This Cooperative Spectrum Sensor can be used in future 5G and 6G wireless communication technologies for enhancing spectral efficiency and will also help in establishing broadband services in remote and rural parts of the country.
Mandi: Researchers at the Indian Institute of Technology Mandi have developed state-of-art solutions in telecommunications technologies. The recent development of cooperative spectrum sensors enhances the reusability of the radiofrequency spectrum to meet the growing demands of data communication in future wireless communication applications.
Pointing out the need for research in the area of spectrum optimization, Dr. Rahul Shrestha, Assistant Professor, IIT Mandi, said, “Given the fixed-spectrum allocation policy by many governments around the world, including ours, it becomes important to use the available spectrum intelligently. Cognitive Radio Technology is considered one of the best ways to optimize spectrum use.”
Not all parts of the spectrum band licensed to a telecom company (called primary user or PU) are used all the time by the PU. The idea of Cognitive Radio Technology is that a wireless device such as a cell phone, used by the secondary user (SU) can be fitted with a special sensor that can detect such “spectrum holes”, (spectrum parts that are not used by the PU) and use them when the main channel is unavailable or crowded. This forms the basis of a dynamic-spectrum access policy that can overcome shortages of available spectrum at a given time. The spectrum-hole detecting sensor that is built into the SU’s device is called a Stand-Alone Spectrum Sensor (SSSR).
Elaborating on the relevance of the team’s research, Dr. Rahul Shrestha, said, “The SSSR’s detection capability is often less than satisfactory due to problems such as hidden-node and signal-to-noise ratio (SNR)-wall problems. This leads to the unreliability of performance when the SSSR is used in real-time.”
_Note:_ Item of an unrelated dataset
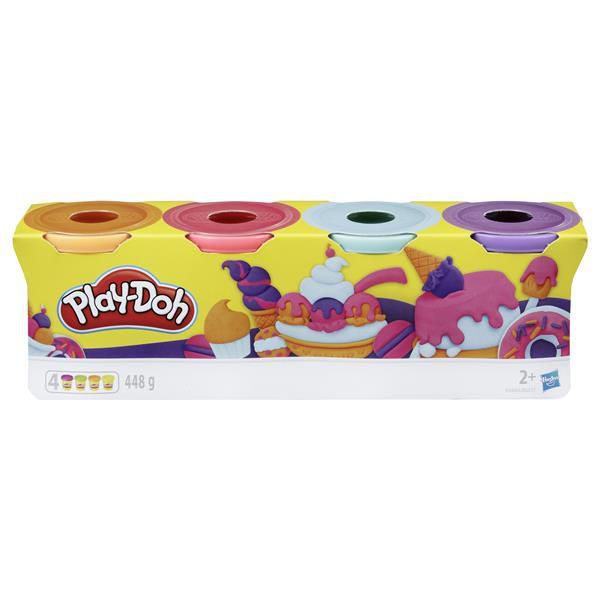 Play-Doh - Sweet jars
The team’s research work seeks to circumvent the above problem. The work is on a technology in which the wireless device at the SU end is not equipped with a SSSR, but rather transmits the received parts from the spectrum band to a data-fusion center (DFC). The DFC then digitizes these parts and processes them using a single cooperative-spectrum sensor (CSR) instead of using device-level SSSR. The reliable decision is broadcast to all the SU devices for opportunistic communication.
Explaining their work, Rohit B. Chaurasiya, research scholar, IIT Mandi, said, “We have proposed implementation-friendly algorithms for cooperative spectrum sensing with lower computational complexity and have also developed multiple new hardware architectures for CSR and their submodules.”
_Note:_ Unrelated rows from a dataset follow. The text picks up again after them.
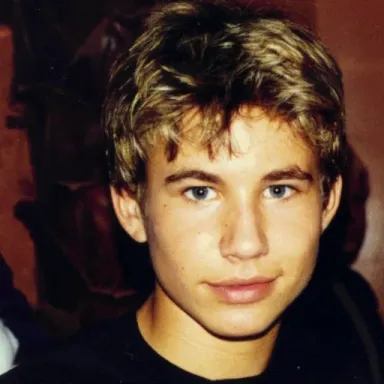 Jonathan Taylor Thomas profile photo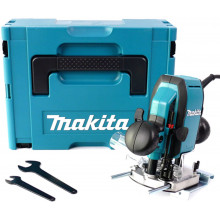 Makita RP0900J Toupie (900W/6-8mm) Makpac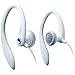 Philips SHS3201 Casque tour d'oreille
This digital CSR ASIC-chip developed by IIT Mandi delivers excellent detection reliability of the PU under real-world channel scenarios with the best hardware efficiency and fast sensing time. The CSR chip can be used with any handheld mobile wireless communication device for accessing the unused spectrum. Specifically, it can be used in future 5G and 6G wireless communication technologies for enhancing spectral efficiency.
In addition, this will enable massive deployment of IoT-based networks where numerous connected devices can use spectrum holes for break-less communication. The specific uses of cooperative spectrum-sensing technology in India cannot be understated and will help in establishing broadband services in remote and rural parts of the country.